_DATA SHOWN_.
○ ○ ○ ○ ○

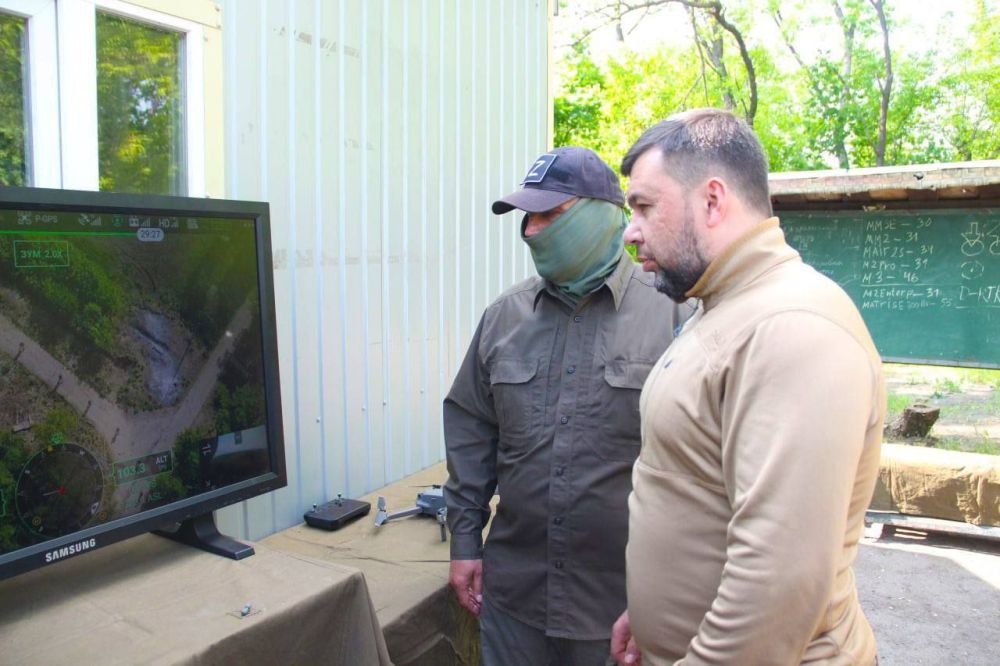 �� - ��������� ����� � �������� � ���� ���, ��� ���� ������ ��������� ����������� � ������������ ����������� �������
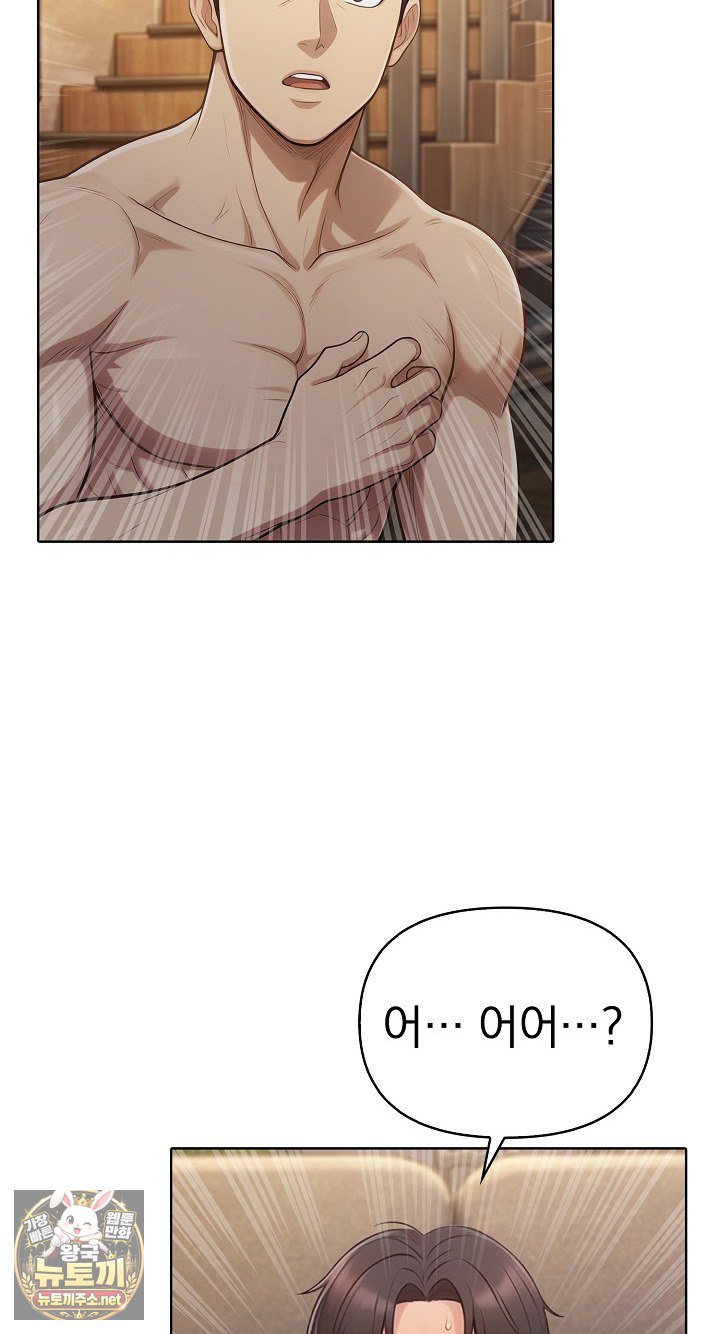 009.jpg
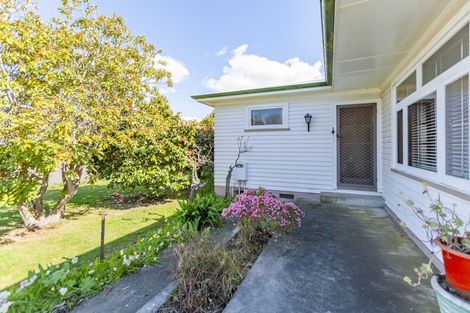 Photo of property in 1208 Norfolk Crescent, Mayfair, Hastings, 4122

○ ○ ○ ○ ○

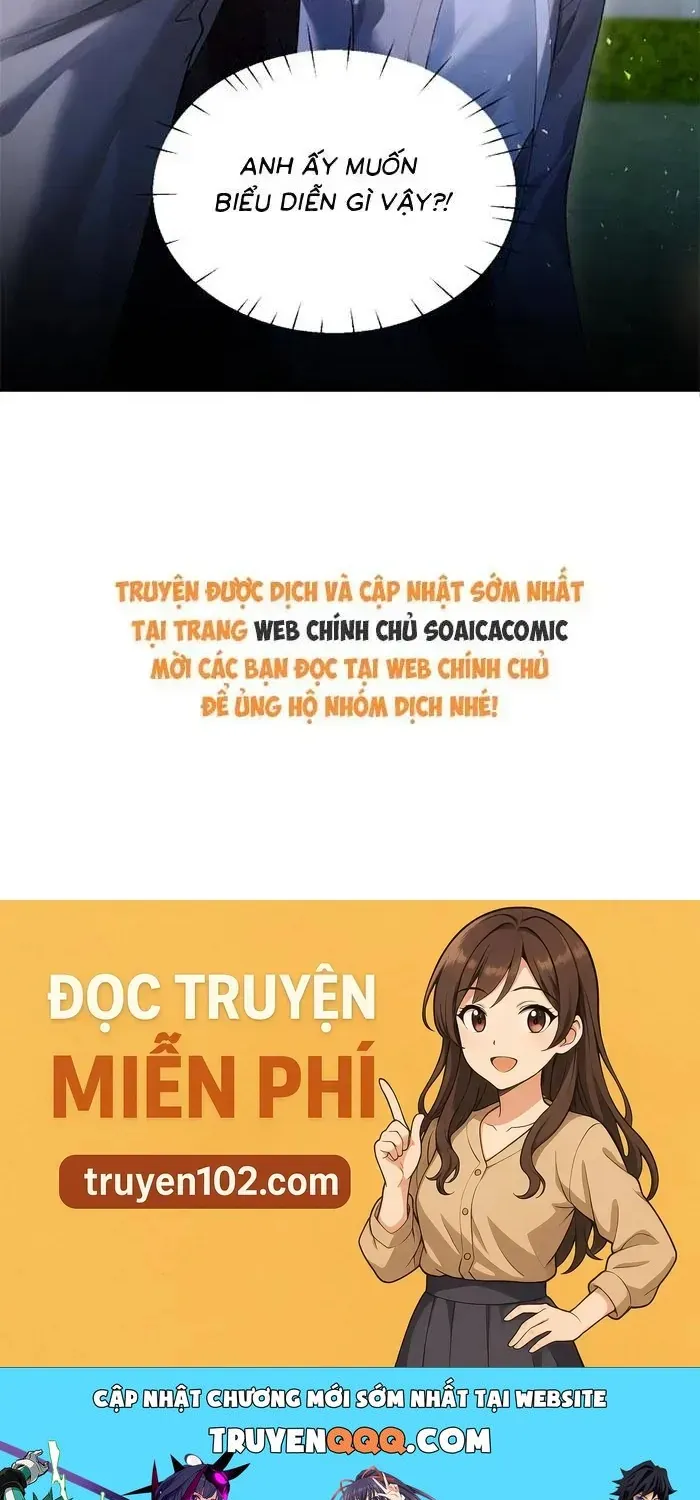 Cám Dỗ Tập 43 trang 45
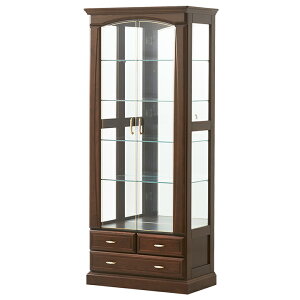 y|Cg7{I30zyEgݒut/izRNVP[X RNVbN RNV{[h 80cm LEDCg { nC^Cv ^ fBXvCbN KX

○ ○ ○ ○ ○

_EXERCISE AIM_. What you return from the records above should be exactly everything from the line with "Cám Dỗ Tập 43 trang 45" down to the line with "nC^Cv ^ fBXvCbN KX", both kept, and no pictures.

_RESULT_.
 Cám Dỗ Tập 43 trang 45
 y|Cg7{I30zyEgݒut/izRNVP[X RNVbN RNV{[h 80cm LEDCg { nC^Cv ^ fBXvCbN KX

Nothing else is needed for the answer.